**What you have to do:**
Pictures do not belong in the copy. Return all of the entries exactly.

◆ ◆ ◆ ◆ ◆ ◆ ◆

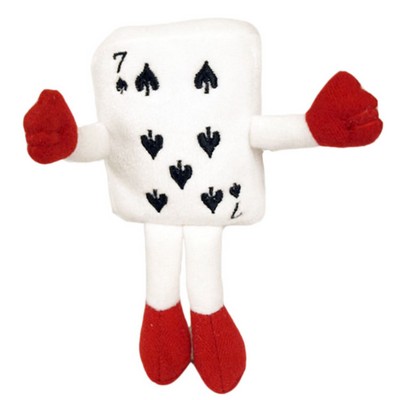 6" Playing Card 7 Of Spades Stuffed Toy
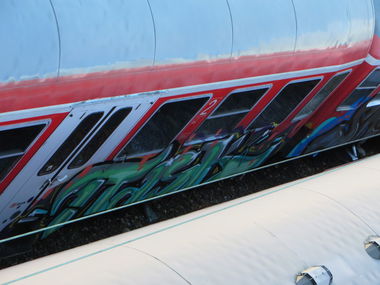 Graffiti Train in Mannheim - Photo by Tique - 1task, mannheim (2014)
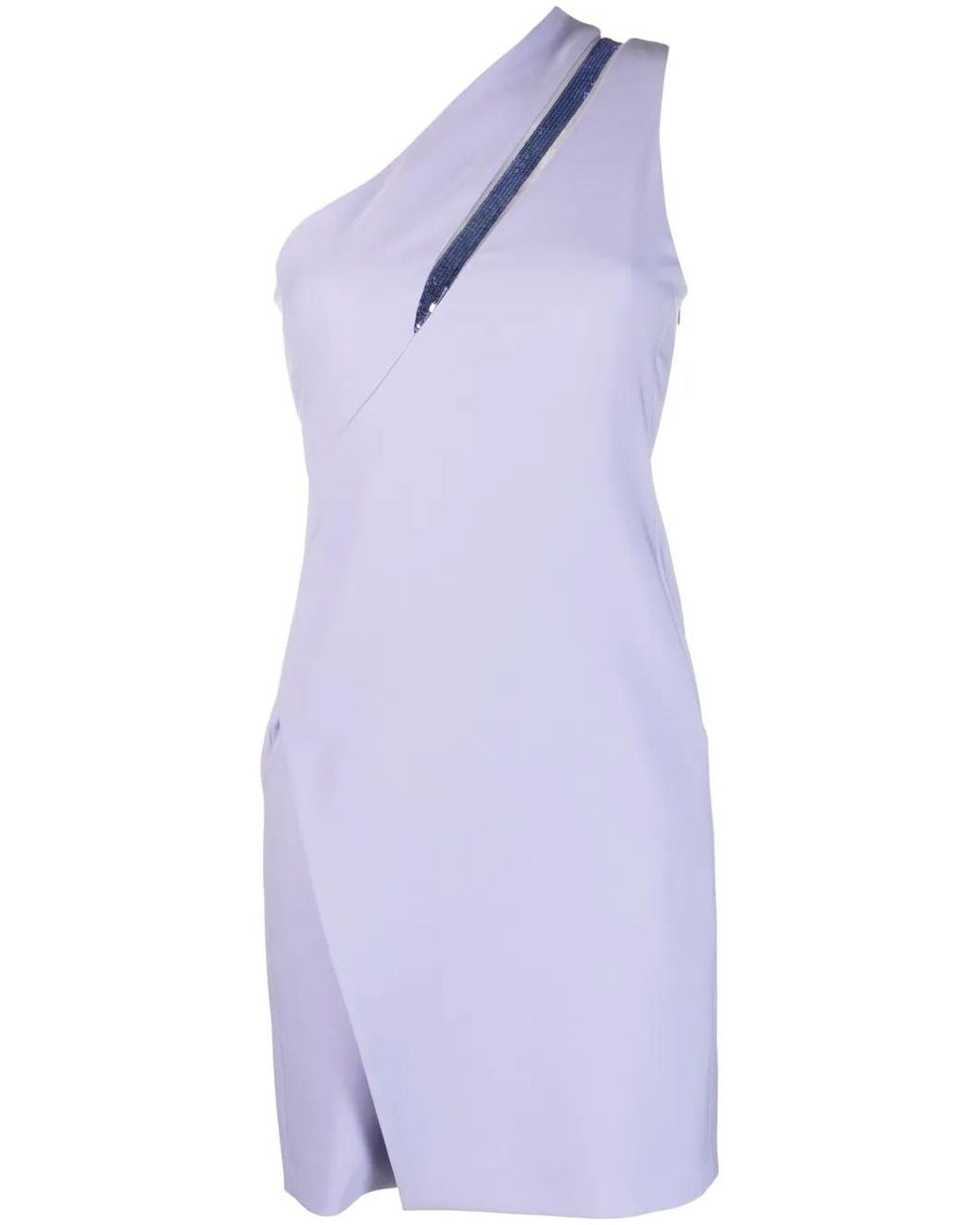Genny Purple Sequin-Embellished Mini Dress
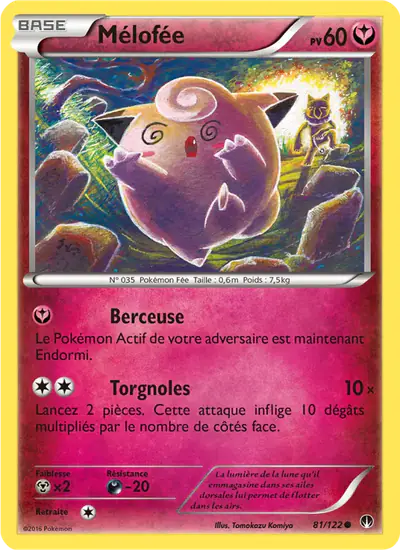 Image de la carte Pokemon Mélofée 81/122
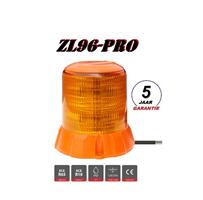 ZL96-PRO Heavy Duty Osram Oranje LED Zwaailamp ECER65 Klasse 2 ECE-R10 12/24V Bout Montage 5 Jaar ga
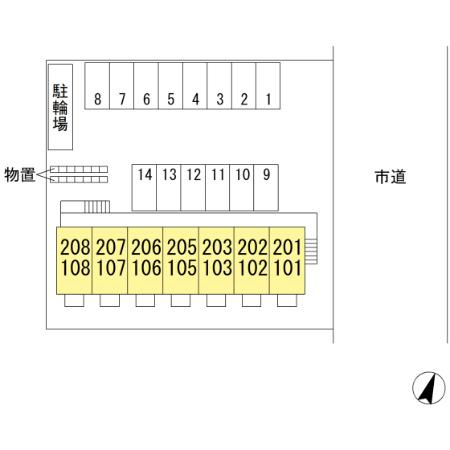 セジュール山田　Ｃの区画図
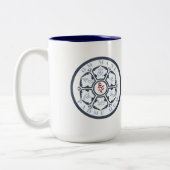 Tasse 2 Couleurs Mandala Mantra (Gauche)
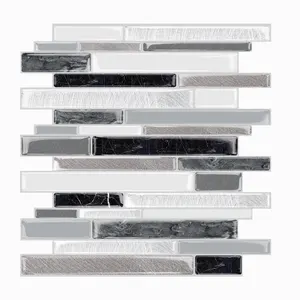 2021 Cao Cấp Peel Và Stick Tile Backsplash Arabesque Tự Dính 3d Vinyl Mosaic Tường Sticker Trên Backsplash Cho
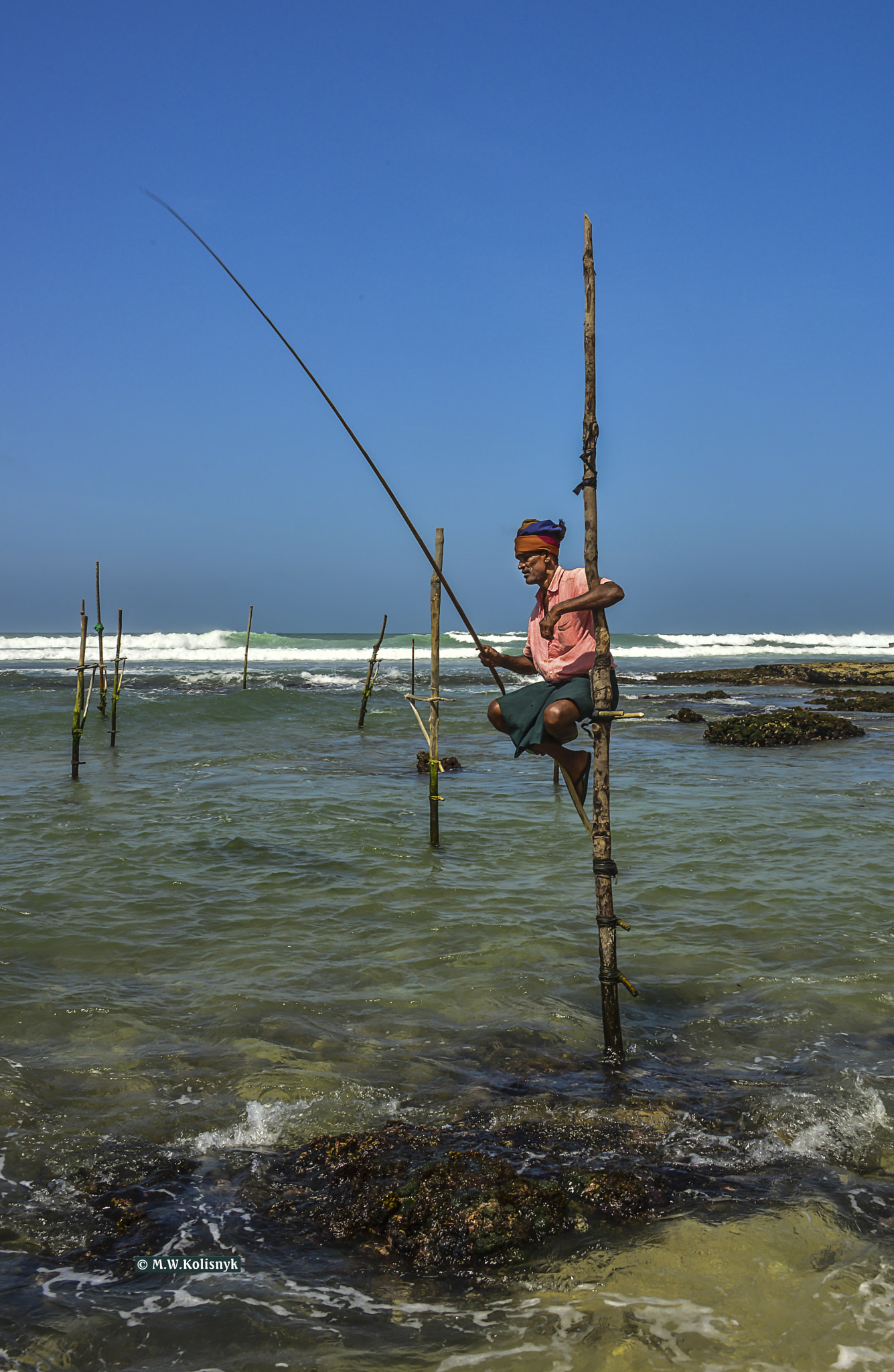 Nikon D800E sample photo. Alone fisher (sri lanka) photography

◆ ◆ ◆ ◆ ◆ ◆ ◆

**Completed task:**
 6" Playing Card 7 Of Spades Stuffed Toy
 Graffiti Train in Mannheim - Photo by Tique - 1task, mannheim (2014)
Genny Purple Sequin-Embellished Mini Dress
 Image de la carte Pokemon Mélofée 81/122
 ZL96-PRO Heavy Duty Osram Oranje LED Zwaailamp ECER65 Klasse 2 ECE-R10 12/24V Bout Montage 5 Jaar ga
 セジュール山田　Ｃの区画図
 Tasse 2 Couleurs Mandala Mantra (Gauche)
 2021 Cao Cấp Peel Và Stick Tile Backsplash Arabesque Tự Dính 3d Vinyl Mosaic Tường Sticker Trên Backsplash Cho
 Nikon D800E sample photo. Alone fisher (sri lanka) photography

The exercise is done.